Essa situação é mais comum do que parece, e ela tem uma solução clínica real. O ultrassom microfocado de alta intensidade é conhecido pela sigla HIFU, do inglês high-intensity focused ultrasound. Ele age nas camadas profundas do tecido sem corte e sem agulha. Além disso, a recuperação se mede em horas, e não em semanas.

A tecnologia não é nova, mas novos dispositivos oferecem maior variedade de profundidades e protocolos. Consequentemente, isso amplia as opções clínicas para flacidez corporal. Na Clínica Bravo, no Leblon, utilizamos o Ultraformer MPT, justamente por essa capacidade de trabalhar em múltiplas profundidades. Dessa forma, personalizamos o protocolo conforme a área e o objetivo de cada paciente.

Neste artigo, você vai encontrar os 7 benefícios reais do procedimento. Além disso, vai ver uma comparação honesta com radiofrequência, criolipólise e cirurgia. Por fim, você vai encontrar os critérios práticos para saber se esse é o tratamento certo para o seu caso.

Como o ultrassom microfocado age nas camadas que outros tratamentos não atingem

A energia que chega a 6 mm e 13 mm de profundidade

O HIFU emite pulsos de ultrassom que se concentram em um ponto específico do tecido. Como resultado, ele gera calor nesse ponto sem afetar a superfície da pele. Em aplicações corporais, esse foco ocorre entre 6 e 13 mm de profundidade. Nessa faixa, o ultrassom atinge tecido adiposo profundo e a fáscia, estrutura fibrosa que sustenta a arquitetura do corpo.

Para comparar, tratamentos faciais operam entre 1,5 e 4,5 mm. Já a radiofrequência convencional age de forma mais superficial, aquecendo principalmente a derme e o tecido subcutâneo raso. Essa diferença de profundidade, portanto, não é um detalhe técnico menor. Na verdade, ela explica por que o ultrassom microfocado consegue tratar flacidez corporal em regiões onde outros equipamentos simplesmente não chegam com eficácia suficiente.

O que acontece com o colágeno após o aquecimento focal

Ao atingir a profundidade programada, o calor provoca dois efeitos em sequência. Primeiro, uma retração imediata das fibras de colágeno existentes. Em seguida, nos meses seguintes, um processo de remodelamento estimula a produção de colágeno novo. O tecido não sofre destruição; pelo contrário, ele se reorganiza por dentro.

O pico de resultado costuma ocorrer entre 3 e 6 meses após o procedimento. Isso explica por que pacientes que avaliam o tratamento logo depois não capturam a transformação completa. Esse mecanismo progressivo, portanto, é a base de todos os benefícios que você vai ver a seguir.

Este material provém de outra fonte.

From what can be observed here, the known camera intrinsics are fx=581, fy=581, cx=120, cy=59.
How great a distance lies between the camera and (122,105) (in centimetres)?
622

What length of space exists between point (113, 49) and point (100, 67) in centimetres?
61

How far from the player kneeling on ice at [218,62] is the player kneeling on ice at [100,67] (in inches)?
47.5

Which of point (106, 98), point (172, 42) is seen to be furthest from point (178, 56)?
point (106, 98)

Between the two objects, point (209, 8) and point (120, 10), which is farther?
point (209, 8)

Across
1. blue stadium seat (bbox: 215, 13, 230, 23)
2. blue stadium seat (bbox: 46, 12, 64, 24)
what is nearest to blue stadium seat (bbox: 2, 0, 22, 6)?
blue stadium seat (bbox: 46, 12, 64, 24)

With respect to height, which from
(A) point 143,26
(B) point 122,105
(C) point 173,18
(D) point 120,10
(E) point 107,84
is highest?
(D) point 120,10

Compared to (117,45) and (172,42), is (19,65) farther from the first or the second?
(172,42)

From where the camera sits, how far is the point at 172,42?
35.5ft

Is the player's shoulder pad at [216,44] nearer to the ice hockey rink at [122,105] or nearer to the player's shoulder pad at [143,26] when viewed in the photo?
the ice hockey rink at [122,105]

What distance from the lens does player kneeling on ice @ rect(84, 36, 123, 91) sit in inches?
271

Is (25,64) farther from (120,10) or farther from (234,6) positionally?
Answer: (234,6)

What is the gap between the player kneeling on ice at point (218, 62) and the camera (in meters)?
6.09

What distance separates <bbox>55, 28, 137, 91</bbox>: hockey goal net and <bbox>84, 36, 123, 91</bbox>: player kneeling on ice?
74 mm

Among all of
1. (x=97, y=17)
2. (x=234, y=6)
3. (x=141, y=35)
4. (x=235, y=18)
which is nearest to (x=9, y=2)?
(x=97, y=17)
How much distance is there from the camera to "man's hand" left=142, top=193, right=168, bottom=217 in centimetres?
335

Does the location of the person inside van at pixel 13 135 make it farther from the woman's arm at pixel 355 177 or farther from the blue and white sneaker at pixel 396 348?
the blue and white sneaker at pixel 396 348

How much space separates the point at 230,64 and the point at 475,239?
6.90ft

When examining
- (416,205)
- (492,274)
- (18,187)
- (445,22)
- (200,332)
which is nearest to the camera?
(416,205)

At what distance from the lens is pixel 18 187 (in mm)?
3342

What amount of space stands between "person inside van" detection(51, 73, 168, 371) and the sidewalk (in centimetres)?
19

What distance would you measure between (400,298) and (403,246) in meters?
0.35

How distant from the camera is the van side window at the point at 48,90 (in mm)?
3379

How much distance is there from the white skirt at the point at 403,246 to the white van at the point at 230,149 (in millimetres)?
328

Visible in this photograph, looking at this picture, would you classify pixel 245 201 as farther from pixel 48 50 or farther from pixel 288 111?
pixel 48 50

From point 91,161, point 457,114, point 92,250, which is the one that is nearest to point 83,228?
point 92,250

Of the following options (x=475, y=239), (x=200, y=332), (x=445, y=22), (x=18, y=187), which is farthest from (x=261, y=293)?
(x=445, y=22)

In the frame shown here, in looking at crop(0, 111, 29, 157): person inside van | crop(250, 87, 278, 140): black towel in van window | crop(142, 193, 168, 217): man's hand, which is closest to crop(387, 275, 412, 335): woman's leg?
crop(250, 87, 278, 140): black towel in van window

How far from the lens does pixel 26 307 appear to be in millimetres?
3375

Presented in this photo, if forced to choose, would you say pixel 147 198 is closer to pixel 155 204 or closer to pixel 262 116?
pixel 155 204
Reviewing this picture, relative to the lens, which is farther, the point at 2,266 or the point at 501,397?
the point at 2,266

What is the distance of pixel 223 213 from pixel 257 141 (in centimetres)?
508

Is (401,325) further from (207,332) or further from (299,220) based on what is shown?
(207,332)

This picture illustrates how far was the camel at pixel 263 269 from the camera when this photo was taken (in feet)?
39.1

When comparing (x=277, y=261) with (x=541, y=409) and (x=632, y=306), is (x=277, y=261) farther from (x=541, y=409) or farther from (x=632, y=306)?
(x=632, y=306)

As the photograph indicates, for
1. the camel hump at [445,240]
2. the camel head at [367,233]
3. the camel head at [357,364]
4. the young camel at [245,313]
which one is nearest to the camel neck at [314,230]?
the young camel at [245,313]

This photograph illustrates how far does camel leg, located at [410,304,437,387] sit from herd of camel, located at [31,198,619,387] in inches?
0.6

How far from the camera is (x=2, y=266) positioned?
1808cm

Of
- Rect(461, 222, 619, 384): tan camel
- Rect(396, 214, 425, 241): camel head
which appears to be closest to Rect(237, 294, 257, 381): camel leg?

Os 7 benefícios do ultrassom microfocado para o corpo

1. Lifting não cirúrgico: tensionamento sem bisturi

O primeiro benefício é estrutural: o HIFU eleva e tensiona o tecido frouxo sem nenhuma incisão. Consequentemente, isso se traduz em melhora visível da firmeza no abdome, na face interna das coxas e nos braços. Essas são, aliás, as áreas com indicação mais consistente na literatura clínica. Estudos comparativos, conduzidos principalmente em face e pescoço, documentam melhora clínica sustentada até 180 dias. A evidência específica para o corpo, no entanto, ainda é mais heterogênea em termos metodológicos, embora esteja crescendo.

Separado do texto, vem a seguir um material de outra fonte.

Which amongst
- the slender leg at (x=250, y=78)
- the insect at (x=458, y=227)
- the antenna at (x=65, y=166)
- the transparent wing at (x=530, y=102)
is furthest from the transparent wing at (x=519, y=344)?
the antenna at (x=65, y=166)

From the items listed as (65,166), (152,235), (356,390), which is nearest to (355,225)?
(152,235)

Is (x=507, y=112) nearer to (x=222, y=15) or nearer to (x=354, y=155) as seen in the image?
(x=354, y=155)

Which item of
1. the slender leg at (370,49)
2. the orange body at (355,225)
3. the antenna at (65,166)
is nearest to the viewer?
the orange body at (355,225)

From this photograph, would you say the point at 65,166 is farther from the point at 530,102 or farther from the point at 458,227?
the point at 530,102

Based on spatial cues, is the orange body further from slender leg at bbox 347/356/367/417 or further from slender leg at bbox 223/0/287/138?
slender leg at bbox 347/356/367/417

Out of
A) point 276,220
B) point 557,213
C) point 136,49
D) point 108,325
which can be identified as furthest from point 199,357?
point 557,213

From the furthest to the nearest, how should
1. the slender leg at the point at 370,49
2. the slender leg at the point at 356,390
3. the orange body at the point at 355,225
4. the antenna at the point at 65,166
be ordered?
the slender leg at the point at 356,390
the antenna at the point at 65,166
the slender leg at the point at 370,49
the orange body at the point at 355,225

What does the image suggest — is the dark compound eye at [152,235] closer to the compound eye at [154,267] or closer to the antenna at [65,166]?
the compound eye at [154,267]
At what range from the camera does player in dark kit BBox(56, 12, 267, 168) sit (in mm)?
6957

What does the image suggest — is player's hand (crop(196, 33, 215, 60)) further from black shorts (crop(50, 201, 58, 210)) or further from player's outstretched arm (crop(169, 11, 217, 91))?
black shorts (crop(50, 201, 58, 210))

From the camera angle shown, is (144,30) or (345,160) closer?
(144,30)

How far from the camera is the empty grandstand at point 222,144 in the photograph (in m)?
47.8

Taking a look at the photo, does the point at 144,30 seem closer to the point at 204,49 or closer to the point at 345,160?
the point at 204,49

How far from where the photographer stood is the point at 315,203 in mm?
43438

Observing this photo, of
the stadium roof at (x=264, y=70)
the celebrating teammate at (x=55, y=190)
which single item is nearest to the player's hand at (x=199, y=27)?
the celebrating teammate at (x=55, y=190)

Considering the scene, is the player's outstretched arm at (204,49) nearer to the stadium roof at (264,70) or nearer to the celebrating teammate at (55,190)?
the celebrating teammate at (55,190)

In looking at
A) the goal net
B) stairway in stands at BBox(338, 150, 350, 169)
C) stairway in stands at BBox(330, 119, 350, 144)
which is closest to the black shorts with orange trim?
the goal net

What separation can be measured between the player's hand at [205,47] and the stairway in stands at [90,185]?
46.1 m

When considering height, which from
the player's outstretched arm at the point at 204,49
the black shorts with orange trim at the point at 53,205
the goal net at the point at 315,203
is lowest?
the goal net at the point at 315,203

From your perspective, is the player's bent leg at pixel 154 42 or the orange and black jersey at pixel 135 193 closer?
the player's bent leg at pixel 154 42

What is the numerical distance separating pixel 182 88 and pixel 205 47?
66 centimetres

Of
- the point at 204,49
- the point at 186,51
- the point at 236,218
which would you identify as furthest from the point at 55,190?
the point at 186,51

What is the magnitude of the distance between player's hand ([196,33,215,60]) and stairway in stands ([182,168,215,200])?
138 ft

2. Firmeza cutânea em tecidos que outros tratamentos não alcançam

A profundidade de atuação do HIFU representa seu diferencial mais relevante para a firmeza da pele. Na verdade, a radiofrequência convencional aquece principalmente a derme e o subcutâneo raso. Por outro lado, o ultrassom microfocado atinge a fáscia profunda, a camada responsável pela sustentação estrutural do corpo. Revisões de literatura de 2025 registram redução de circunferência entre 2,5 e 4,5 cm nas áreas tratadas em estudos de contorno corporal. No entanto, ainda há variação metodológica entre os ensaios incluídos.

3. Redefinição do contorno corporal sem redução de gordura

A redefinição do contorno acontece por reorganização tecidual, e não por destruição de adipócitos. Ou seja, o tratamento serve para flacidez, e não para gordura localizada. Essa característica distingue o HIFU da criolipólise, que age especificamente na camada de gordura subcutânea. Os dois procedimentos, aliás, podem se combinar quando o paciente apresenta os dois problemas ao mesmo tempo.

4. Recuperação mínima: de volta à rotina no mesmo dia

O tempo de recuperação típico do ultrassom microfocado corporal vai de horas a poucos dias. Além disso, os efeitos mais comuns, eritema e edema leve, são transitórios e desaparecem sozinhos. Na grande maioria dos casos, portanto, o paciente não precisa se afastar do trabalho nem restringir atividades físicas. Compare isso com um lifting cirúrgico, que exige semanas de recuperação, curativos, controle de inchaço e acompanhamento pós-operatório contínuo.

5. Resultado progressivo e discreto

A transformação acontece ao longo das semanas, de forma gradual. Na verdade, para a maior parte dos pacientes, essa progressão representa uma vantagem real. Afinal, a mudança ocorre em um ritmo que parece natural, sem alteração abrupta na aparência. Pacientes que já passaram por protocolos de firmeza corporal relatam essa percepção com frequência, especialmente quem prefere resultados que se integrem à sua imagem habitual.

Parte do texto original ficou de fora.